**PROBLEM:** I would like each line of the data that holds the word "just" copied out.

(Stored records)
-- Opening Marker --
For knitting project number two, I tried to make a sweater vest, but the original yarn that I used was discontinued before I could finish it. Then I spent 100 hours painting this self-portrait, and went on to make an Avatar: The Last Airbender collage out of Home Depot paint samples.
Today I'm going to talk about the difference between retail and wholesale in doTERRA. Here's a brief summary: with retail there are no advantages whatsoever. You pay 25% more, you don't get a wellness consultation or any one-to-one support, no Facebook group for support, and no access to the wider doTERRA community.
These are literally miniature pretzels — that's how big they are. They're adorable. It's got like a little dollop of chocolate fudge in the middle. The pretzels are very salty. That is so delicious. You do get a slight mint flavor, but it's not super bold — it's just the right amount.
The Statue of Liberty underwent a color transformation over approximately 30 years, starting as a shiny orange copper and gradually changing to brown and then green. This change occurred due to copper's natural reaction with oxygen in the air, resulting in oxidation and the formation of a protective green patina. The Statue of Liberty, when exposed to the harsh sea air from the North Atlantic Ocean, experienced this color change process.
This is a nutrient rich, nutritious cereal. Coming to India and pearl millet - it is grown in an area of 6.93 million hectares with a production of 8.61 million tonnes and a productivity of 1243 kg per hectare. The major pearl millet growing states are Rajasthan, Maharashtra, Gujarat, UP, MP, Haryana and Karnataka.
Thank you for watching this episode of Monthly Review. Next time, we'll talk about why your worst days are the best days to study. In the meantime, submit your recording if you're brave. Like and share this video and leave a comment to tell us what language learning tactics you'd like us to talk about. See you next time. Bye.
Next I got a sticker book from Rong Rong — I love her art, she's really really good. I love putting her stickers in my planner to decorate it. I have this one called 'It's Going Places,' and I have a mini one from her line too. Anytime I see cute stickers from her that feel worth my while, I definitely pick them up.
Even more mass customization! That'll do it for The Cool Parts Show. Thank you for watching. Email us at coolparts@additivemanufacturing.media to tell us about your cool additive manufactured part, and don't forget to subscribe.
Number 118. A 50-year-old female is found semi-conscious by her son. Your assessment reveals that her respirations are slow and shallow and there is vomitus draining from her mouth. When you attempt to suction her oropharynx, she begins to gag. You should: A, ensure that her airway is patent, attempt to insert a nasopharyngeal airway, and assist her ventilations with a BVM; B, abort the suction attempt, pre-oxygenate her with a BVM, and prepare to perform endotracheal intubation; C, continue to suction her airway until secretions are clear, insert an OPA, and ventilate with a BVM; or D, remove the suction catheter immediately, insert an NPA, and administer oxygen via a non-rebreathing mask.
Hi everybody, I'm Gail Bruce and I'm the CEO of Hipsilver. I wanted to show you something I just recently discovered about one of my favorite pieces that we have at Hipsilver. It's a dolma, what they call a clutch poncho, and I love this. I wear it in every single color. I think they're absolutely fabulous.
-- Closing Marker --
**RESPONSE TO THIS EXERCISE:**
These are literally miniature pretzels — that's how big they are. They're adorable. It's got like a little dollop of chocolate fudge in the middle. The pretzels are very salty. That is so delicious. You do get a slight mint flavor, but it's not super bold — it's just the right amount.
Hi everybody, I'm Gail Bruce and I'm the CEO of Hipsilver. I wanted to show you something I just recently discovered about one of my favorite pieces that we have at Hipsilver. It's a dolma, what they call a clutch poncho, and I love this. I wear it in every single color. I think they're absolutely fabulous.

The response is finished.